USCA school book drive spotlights African-American authors, characters
USC Aiken students, faculty and staff made it easier for students at North Aiken Elementary to reach their goal of reading 20,000 books this school year.
And they celebrated Black History Month, too.
In recognition of February as a special time to honor the achievements of African-Americans, the USCA family collected and donated 47 books by African-American authors and illustrators or featuring African-American characters to North Aiken.
Students delivered the books Wednesday, read some of them aloud, had the children read with them and talked and answered questions about going to college with the children.
USCA’s Black History Month Steering Committee organized the book drive, said Taifha Baker, the assistant director of Student Life for Diversity Initiatives at the university.

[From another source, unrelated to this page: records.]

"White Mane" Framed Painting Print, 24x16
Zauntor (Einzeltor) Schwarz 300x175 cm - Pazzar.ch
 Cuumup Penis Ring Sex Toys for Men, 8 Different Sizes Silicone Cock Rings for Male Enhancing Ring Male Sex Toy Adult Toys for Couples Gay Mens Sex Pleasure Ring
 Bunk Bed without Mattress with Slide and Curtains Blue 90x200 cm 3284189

The committee chose North Aiken Elementary in particular because about 82 percent of its students are African-American, according to the U.S. Department of Education’s Office of Civil Rights data collection tool, Baker said.

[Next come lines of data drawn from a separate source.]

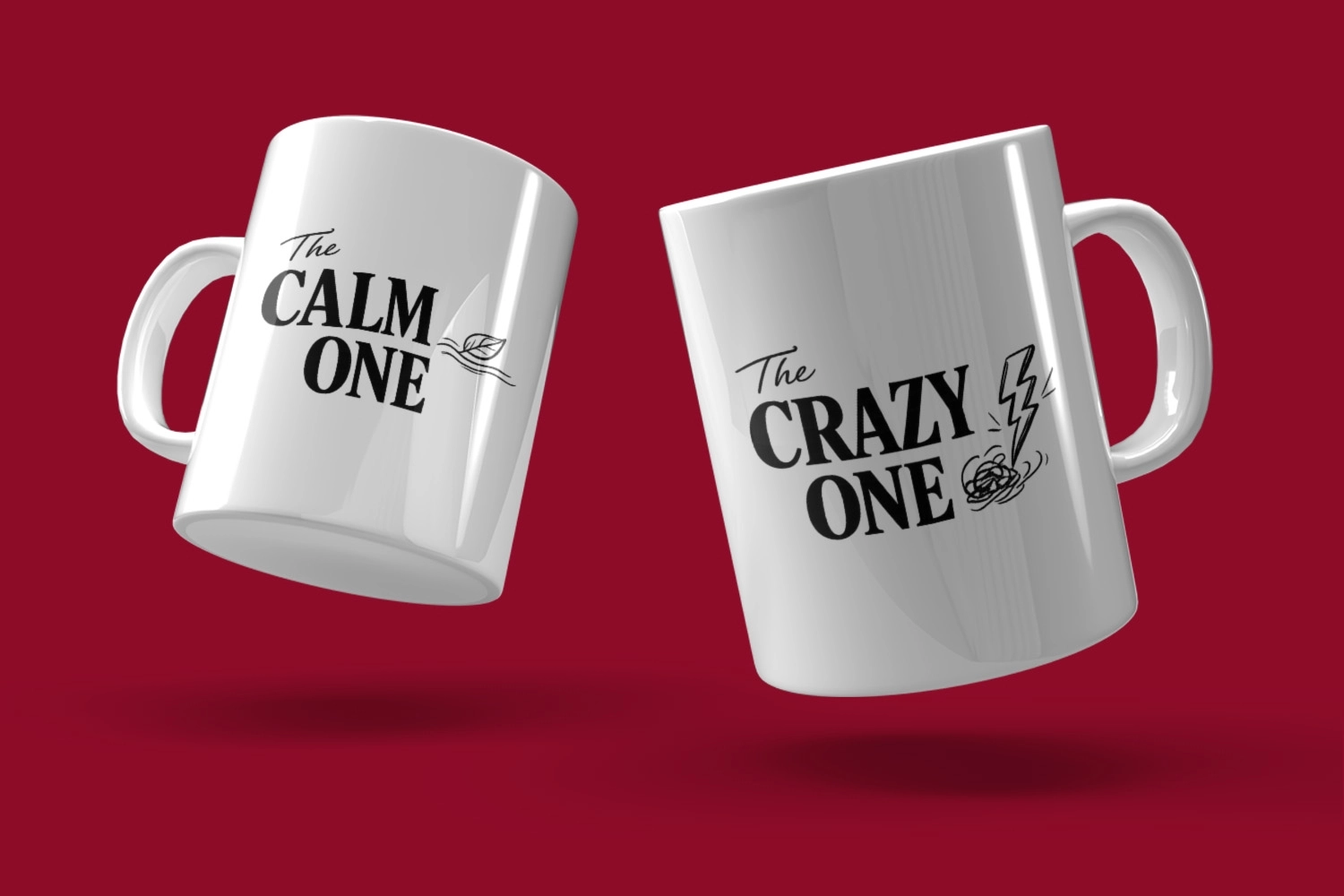 The Calm One & The Crazy One – 2’li Kupa Seti | Sevgililer Günü Özel Tasarım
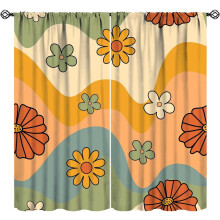 Retro bloemengordijnen met boho madeliefjesprint, 84x84 inch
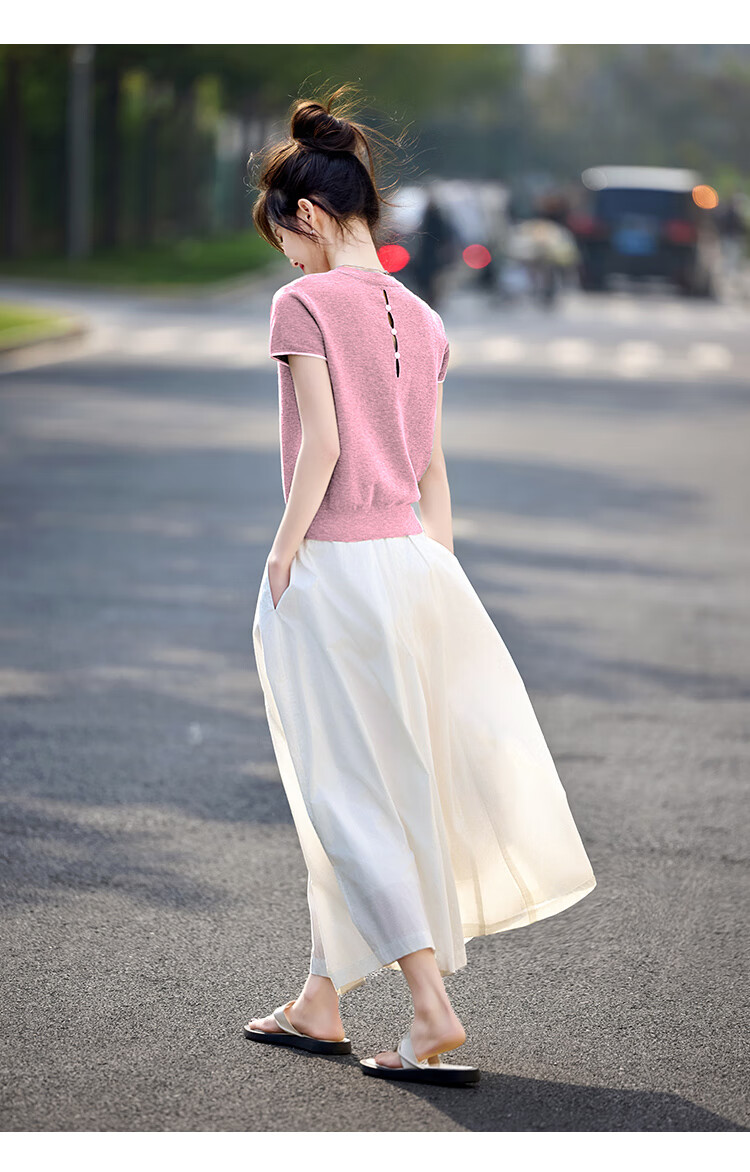 Shangjing Women's Short Sleeve Knit Top Summer New Slim Fit Simple Short T-Shirt for Petite Women 15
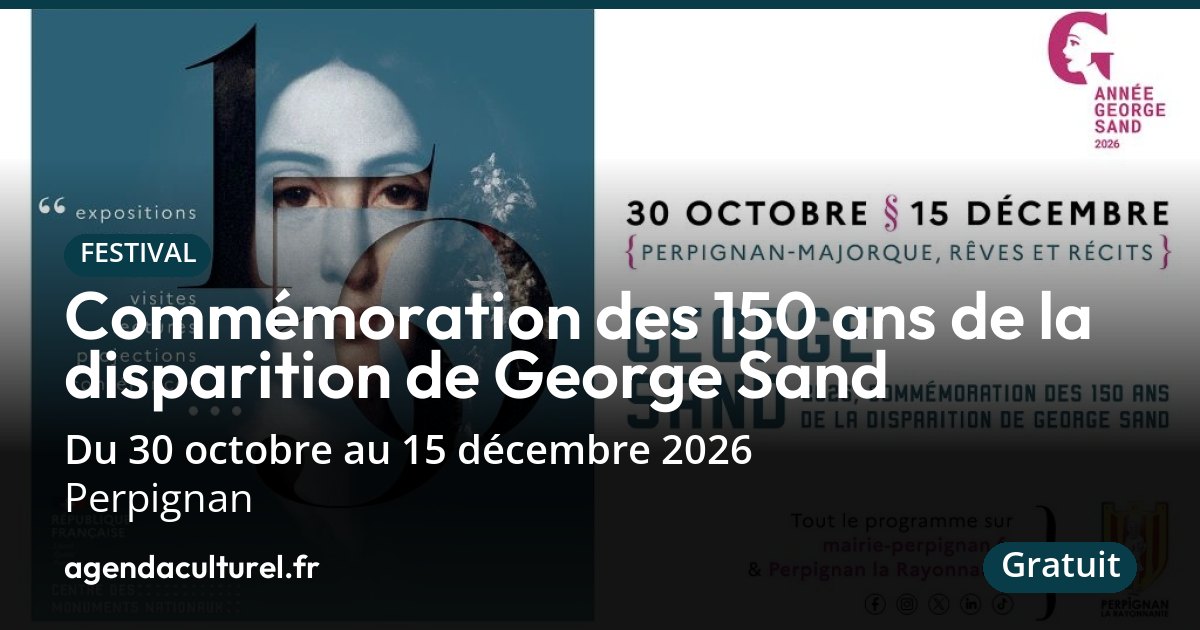 Hommage à George Sand à Perpignan du 30 oct. au 15 déc. 2026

“We wanted to make sure that North Aiken Elementary had books that had characters that looked like the children who go to this school,” she said. “That was important.”
Kendra Williams, the school counselor at North Aiken Elementary, said the books will help the school reach its goal of reading 20,000 books as part of this year’s literacy project, Reading Our Way to Emerald City.

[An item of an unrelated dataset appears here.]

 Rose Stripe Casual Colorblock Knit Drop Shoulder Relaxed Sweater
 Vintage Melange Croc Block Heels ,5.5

Using the famous Yellow-Brick Road from the book and movie “The Wonderful Wizard of Oz,” students receive a brick on the path to the Emerald City for every 100 books they read.
“The students will be able to log the books that were read aloud to them or that they read with the students from USC Aiken today,” Williams said. “We are steadily moving along. We have classes in first grade and kindergarten that have already read 900 books.”
The new books also will reinforce the S.C. Department of Education’s Read to Succeed program, Williams said.
“We’re working to meet the challenge – with second-graders, in particular – that all students are reading at grade level or above by the third grade,” she said.
The USCA students also delivered 33 books to Aiken High and 19 to Schofield Middle School.
The percentage of African-American students at Aiken High and Schofield is lower than at North Aiken, Baker said, but added that “African-American students are disciplined at a disproportionate rate.”
“We thought that giving these books to those schools in particular would help those students see themselves in a positive light,” Baker said.
Schofield Principal Denise McCray said it is “so important for our students to be able to see themselves reflected positively in literature.”
“This is a great opportunity for our students to have more exposure to good books that encourage them to read and grow,” she said.